I know when “it happens” it is going to be amazing. I know I will say it was worth the wait because “it”is everything I wanted…but in the moment – I must practice patience.
The idea is to surrender to the timeline that is true for me, and enjoy the present so I don’t miss out on my todays while working towards my amazing tomorrow.
This is true for so many things (the “its”) in my life my career, a relationship, my business.
The trick is to appreciate all the amazing that I have right now. The gift of the journey is to appreciate the unfolding, the stuff I love and the other stuff too – the mundane and the messy middle stuff.
I would love to say I have it all figured out and I don’t get impatient and I don’t have destination blindness at times, but that would be a total lie. I do however now recognize more and more that this journey I am on has a purpose and I’ve begun to really embrace it.

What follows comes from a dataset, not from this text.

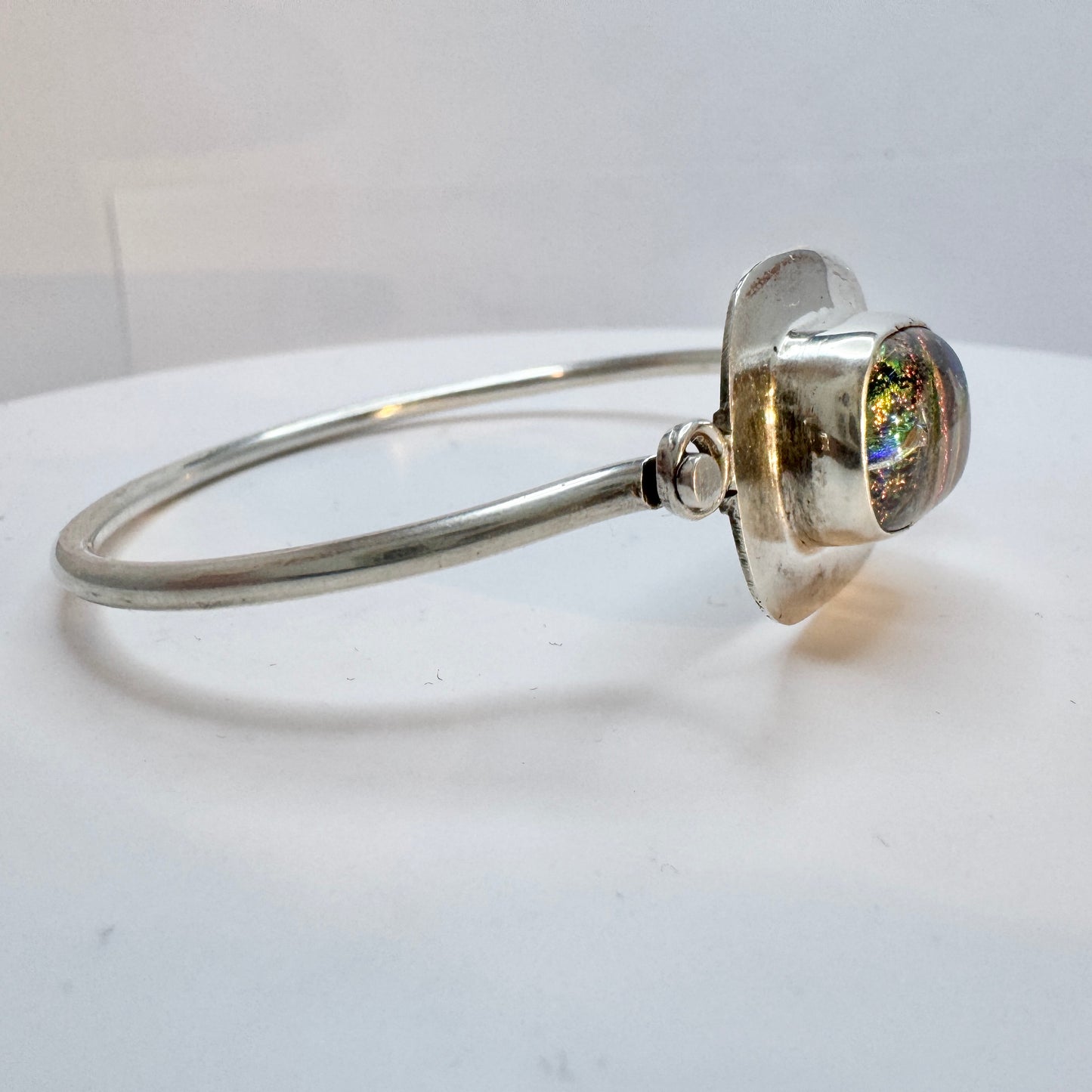 Vintage c 1980s. Sterling Silver Art Glass Hinged Bangle Bracelet.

I have days that I question things, that I wonder why I’ve chosen a particular location, decided to attend a particular event or wander into any given coffee shop or workspace. I wonder if what I’m doing is as important to others as it is to me. I wonder if I matter (don’t we all?).

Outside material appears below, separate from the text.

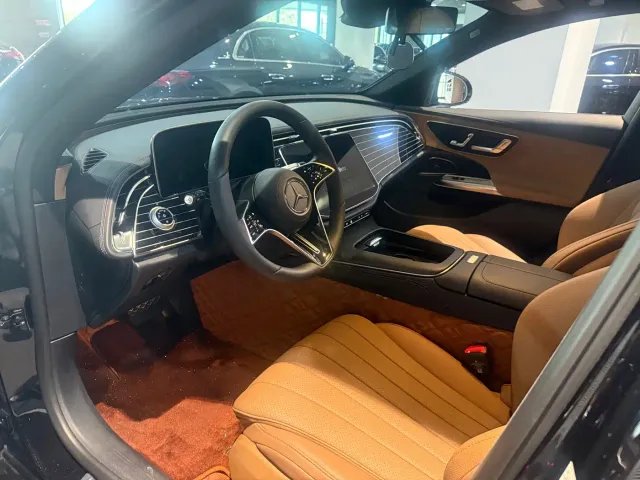 Mercedes-Benz E-Class — Фото автомобиля 3
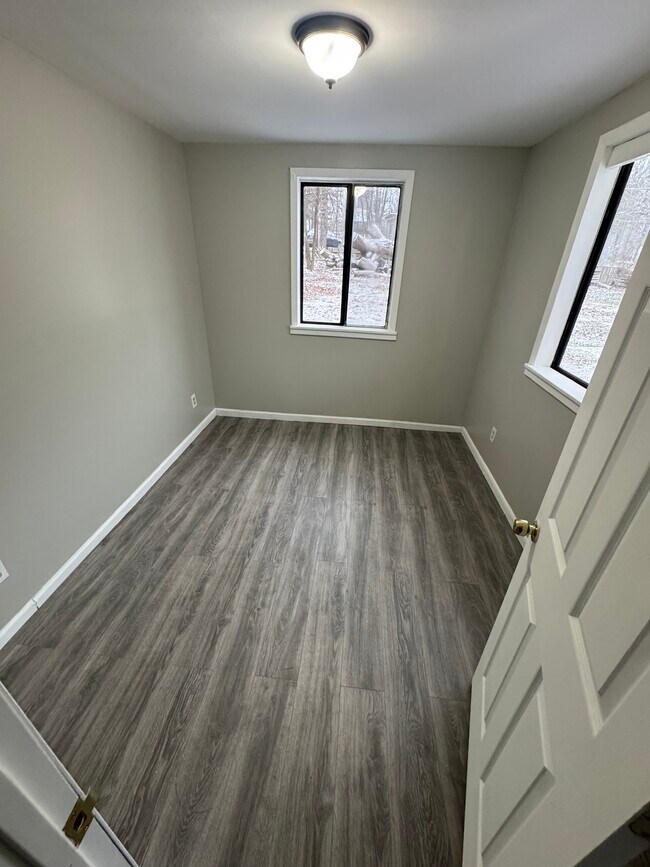 Foto del edificio - 19 Dillon Rd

I also have days a total stranger starts a conversation with me for no particular reason and before long, tells me their story, sheds a tear and calls me an angel. Wow!

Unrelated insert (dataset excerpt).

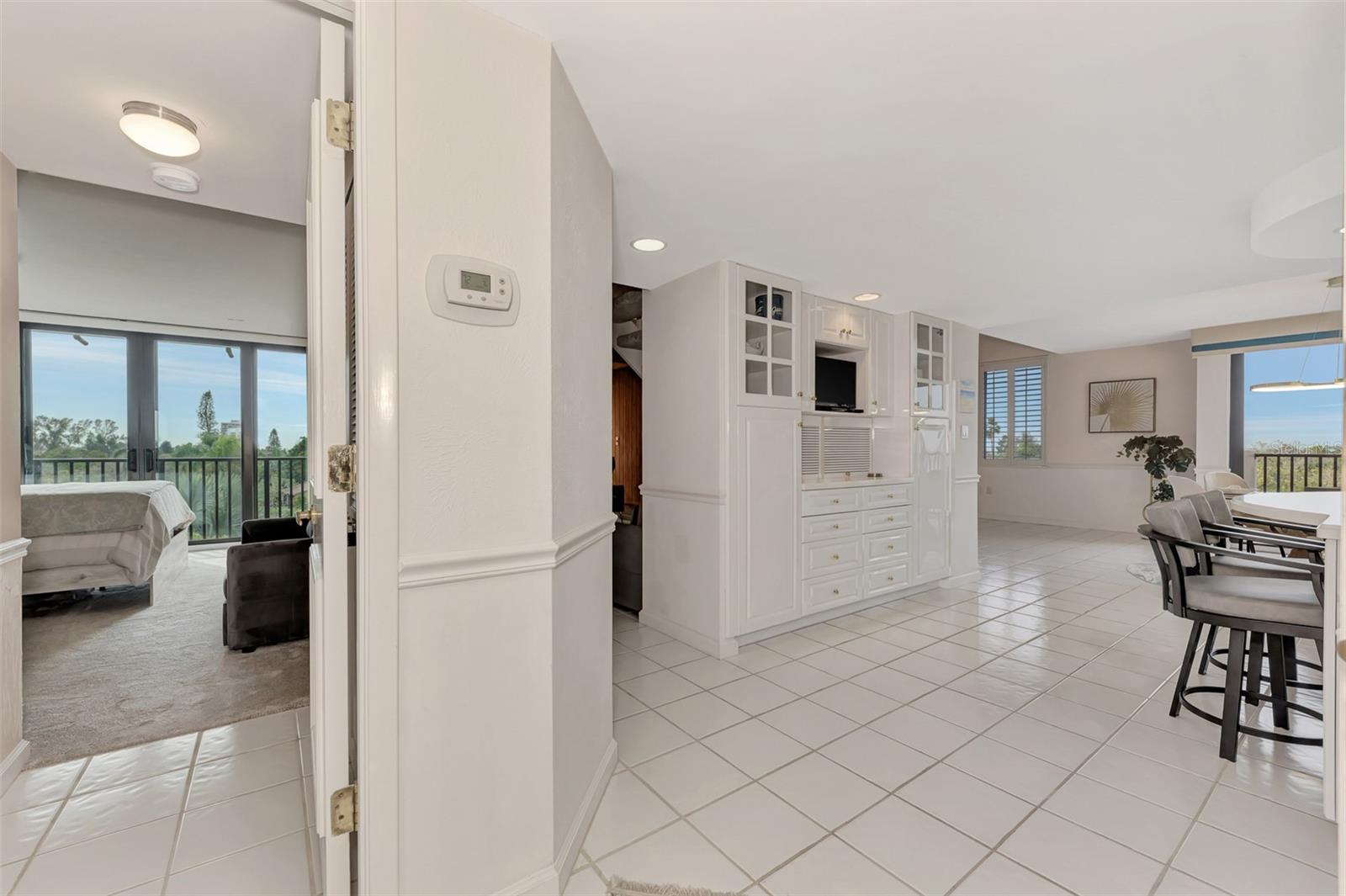 SANDY COVE IV - Residential Lease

I realize this is all part of my journey and if I was Oprah today – that stranger wouldn’t be able to get near me and I might not ever be part of his/her healing.
If I was the female Tony Robbins in this moment, sure I could touch more people, but would I reach the ones that I reach today? Would I be able to give the time and attention to this person to create the same impact through these intimate, seemingly random conversations?
I remind myself of the magic of the journey, these moments in time that tell me I am exactly where I am supposed to be at any given moment. I can’t say that I don’t still think it should look or be different at times, but to surrender to what is and have the “why” reveal itself is proving to be quite powerful to me.
One of my three guiding words this year is surrender and although I didn’t really understand what that meant to me when I chose it in January, now in September it is becoming so much clearer. I am learning a whole lot by living in this space of letting go of what I think life “should” look like for me.
It is said that the beauty of goals is not in the achievement, but rather who you become by walking the path to achievement. I am learning to embrace the lessons along the way knowing that I can’t get to “it”if I don’t do the work.
This is not easy and I often have to remind myself to slow down and look around. There are roses to smell and views to take in all along the trek up the mountain and I want to make sure I don’t race by and miss “it”.
Life has taught me that we don’t always reach the peak, so if we don’t appreciate the journey along the way, we have missed it all and I am not willing to take that chance.
In the end, I have a goal and I imagine what “it” will be like when I achieve it, but who knows, maybe “it” is not the ultimate goal. Maybe ”it” is along the path after all.
I encourage you to continue to set your goals and your sites on big dreams, just make sure you are not sleep walking or racing to the destination. Remember to enjoy the mundane and magic along the way.